PROBLEM DETAILS >> The output consists only of the lines from the one with "a deck with" through the end of the records, each printed exactly, and contains no pictures.

RECORDS TO USE >>
§ §

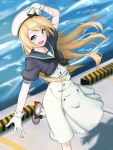  1girl blonde_hair blue_eyes blue_sailor_collar commentary_request dress feet_out_of_frame gloves hat highres holding holding_hat jervis_(kantai_collection) kantai_collection long_hair looking_at_viewer mary_janes open_mouth pier sailor_collar sailor_dress sailor_hat shingyo shoes short_sleeves smile solo standing standing_on_one_leg water white_dress white_gloves white_hat 
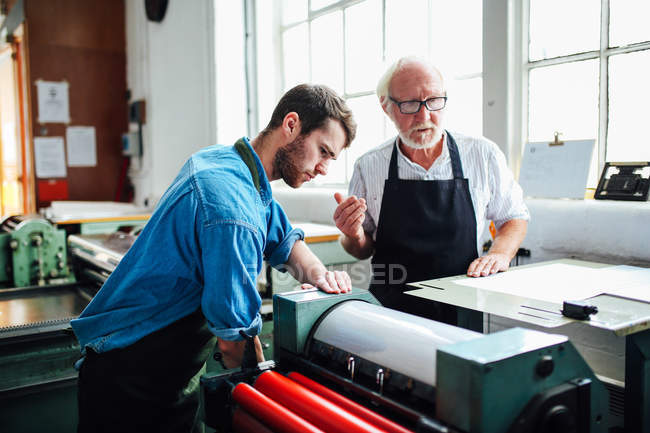 Artesano / técnico senior que supervisa al joven en la máquina de tipografía en el taller de artes del libro - foto de stock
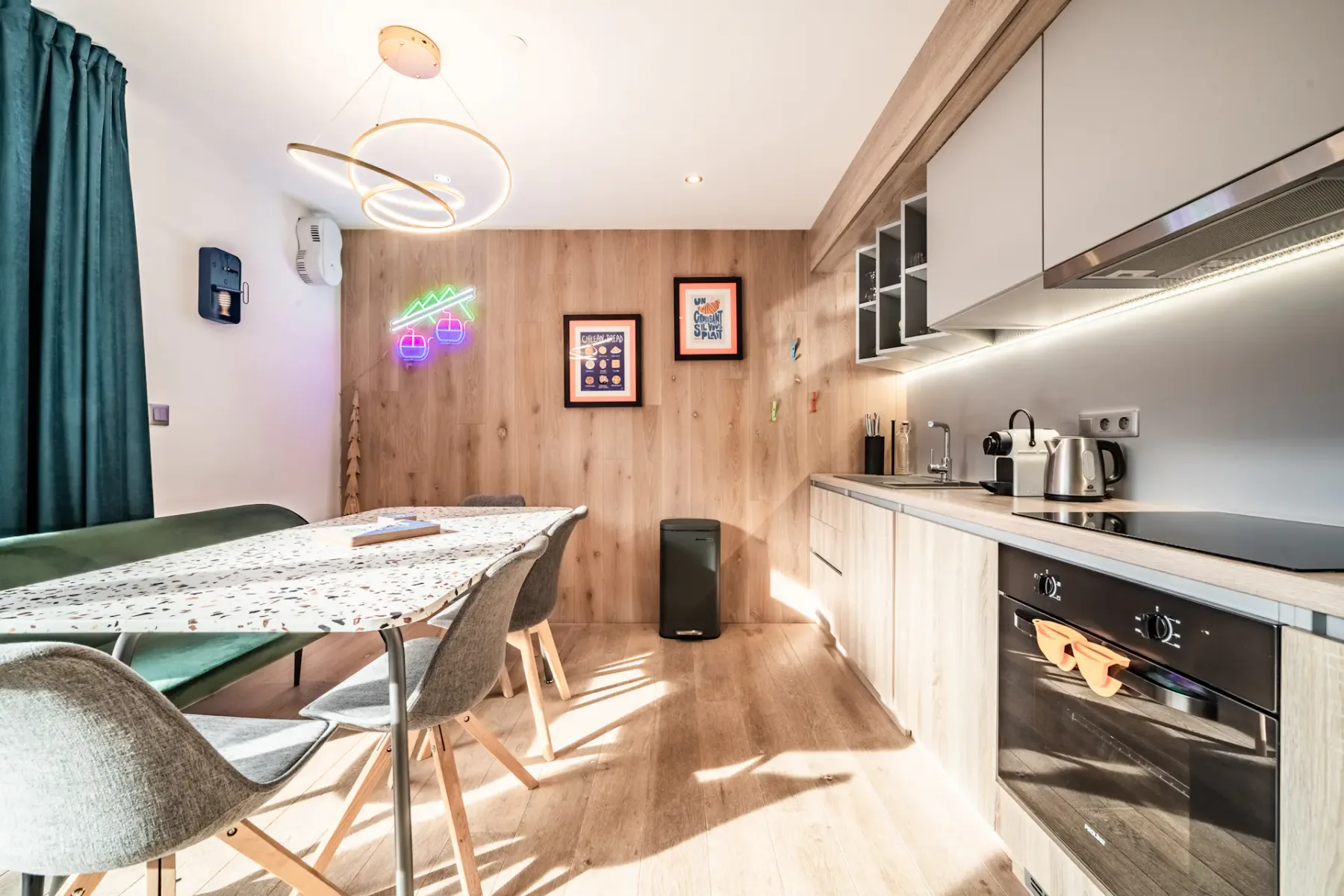 Modern kitchen with wooden cabinets, dining table, gray chairs, wall art, neon lights, and sleek appliances. Bright and airy with natural light.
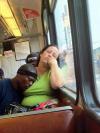 black guy sleeping on girlfriend's tit on the bus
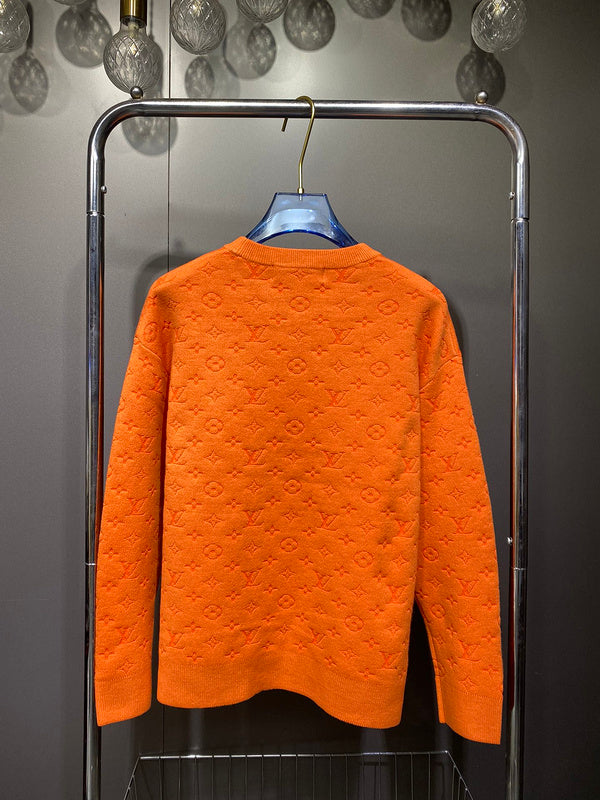 Flat lay presentation of Louis Vuitton luxury clothing with streetwear-inspired cut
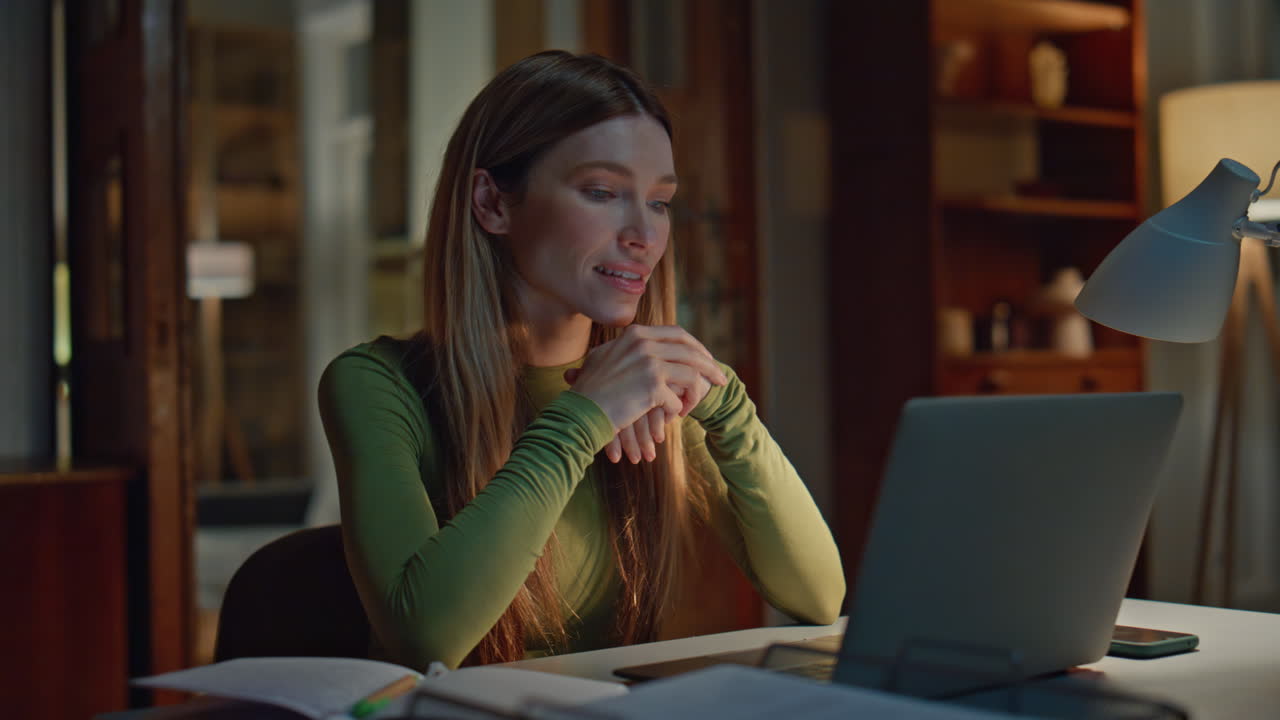 Tutor online che parla in una chat webcam al computer portatile in un appartamento di sera, primo piano.
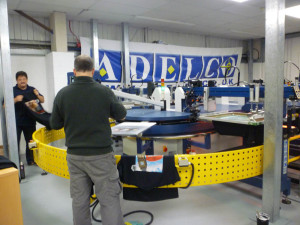 Loading the T shirts onto the first platen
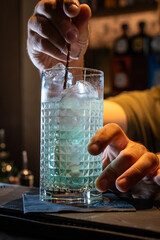 Professional bartender stirring craft cocktail with ice in crystal glass, mixology and modern bartending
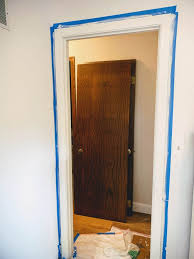 Thanks to these two, i can't paint my doors black because we need to install a cat flap into one of the dining room doors that goes into the cellar, as this is where their food and litter tray live. How To Paint Beautiful White Trim From A Professional Painter A Well Purposed Woman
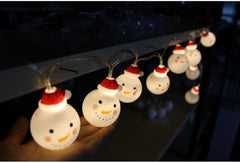 String lights shaped like snowmen with red hats on a dark background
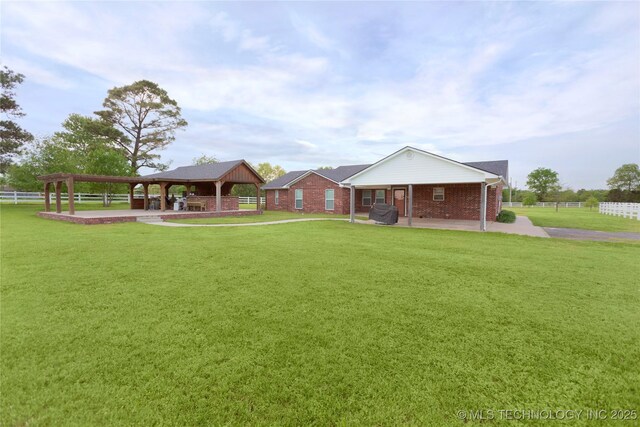 2284 E Roping Rd, Atoka, OK 74525 - back of property with a gazebo, a patio, and brick siding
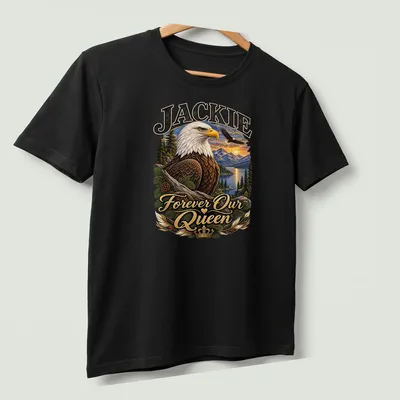 Realistic print of a bald eagle with text 'Jackie Forever Our Queen' in rich colors — printed on a unisex t-shirt (angled view)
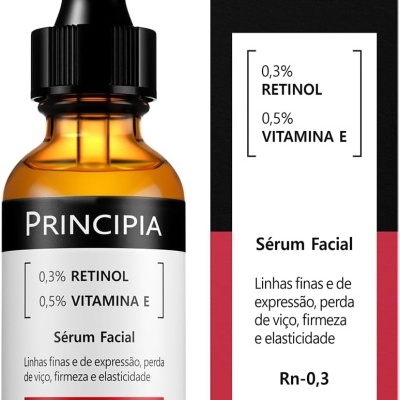 Frasco ambar de sérum facial com conta-gotas preto e rótulo branco e preto ao lado de embalagem preta e vermelha com texto.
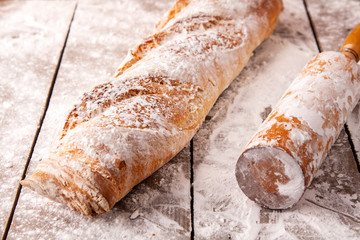 Hot french bagette on roustic wrap in boulangerie. Bred, food, closeup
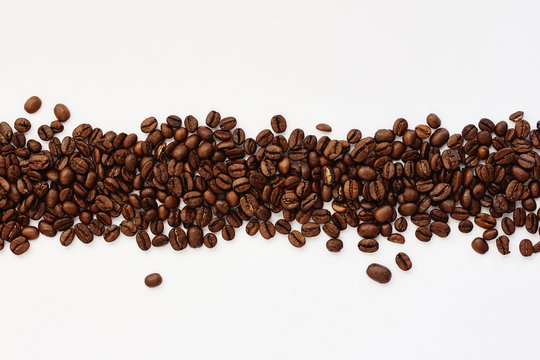 Roasted coffee beans on white background © Olesia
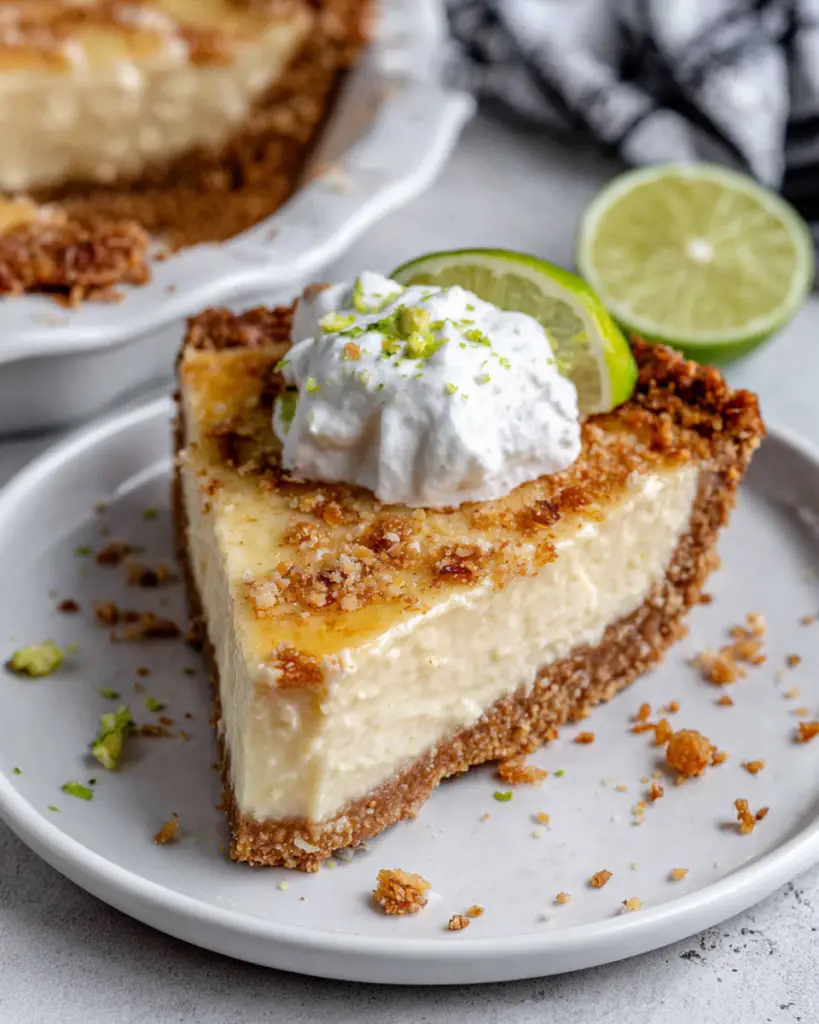 A slice of homemade 7-Ingredient Key Lime Pie with a buttery graham cracker and macadamia nut crust, creamy key lime filling, whipped cream, fresh lime zest, and lime slices on a white marble countertop in natural window light.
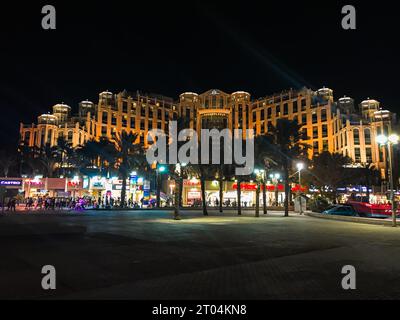 Night time exterior view of the Queen Of Sheba, temple dome hotel shape with natural light pouring in from the windows above Stock Photo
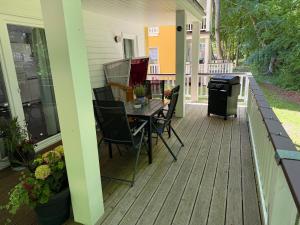 a deck with a table and chairs on a house at Ferienwohnung W18 0 N in Graal-Müritz +9 photos
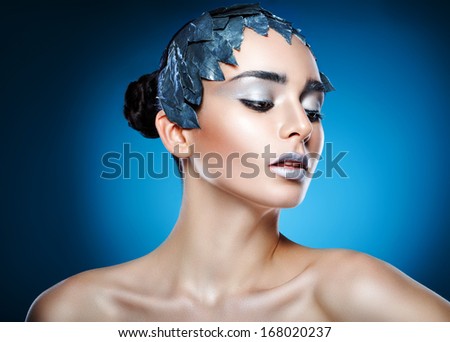 cold woman in accessory of silver leaves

§ §

OUTPUT FOR THIS TASK >>
 a deck with a table and chairs on a house at Ferienwohnung W18 0 N in Graal-Müritz +9 photos
 cold woman in accessory of silver leaves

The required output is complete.